The presence of a newly formed Minneapolis Bicycling Coalition, which Garwood belongs to, is a huge boost to bicycle advocacy, he says. “There are lots of people living here who have biking as a major part of their identity.”
All of these advances make it possible for Garwood to not own a car, something he has never done. When essential, he can borrow or rent, or use Hour Car’s car-sharing program. Garwood also stresses that access to public transportation is essential to making biking a primary mode of transportation. “If weather is prohibitive, you have to have a backup, an alternative way to get to work.” By serving as an example to others that it is possible to get around without owning an automobile, Garwood sees himself as part of “culture change.” Normalizing behavior, so that biking is not associated exclusively with students or 20-something guys, he offers, is also essential to expanding bicycle ridership.
Garwood comes to bicycling first and foremost as an environmentalist. “We need to stop using as much energy as we use.” He says that even after our transportation system is electrified, “we are still going to be using more energy than we can reap.” For a mode shift in transportation to occur, Garwood says, biking must be safe. He refers to studies that show that approximately one-third of the population will never bike, most often due to age or physical disability, but that an even larger group will bike if bicycling is a safe, convenient option.

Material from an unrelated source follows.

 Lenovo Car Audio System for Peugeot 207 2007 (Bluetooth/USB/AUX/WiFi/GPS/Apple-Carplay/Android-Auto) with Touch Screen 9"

One lesson major cities are learning, Garwood says, is that the more bicyclists there are on the street, the safer bicycling becomes. Drivers become more aware of cyclists and there’s an increasingly good chance that drivers are bicyclists themselves.
As a member of the Minneapolis Bicycle Advisory Committee, Garwood is excited about the 2011 Minneapolis Bicycle Master Plan, which identifies dozens of infrastructure and non-infrastructure projects/initiatives. Among other things, the plan calls for adding 183 miles of bikeways, 300 bicycle parking spaces each year through the City’s 50/50 cost share program, expanding Nice Ride’s bike share to all parts of the cities, doubling the number of locations where bikes can be rented by 2015, and ensuring that all residents are within one mile of a trail, 1/2 mile of a bike lane, or 1/4 mile of a signed bike route by 2020.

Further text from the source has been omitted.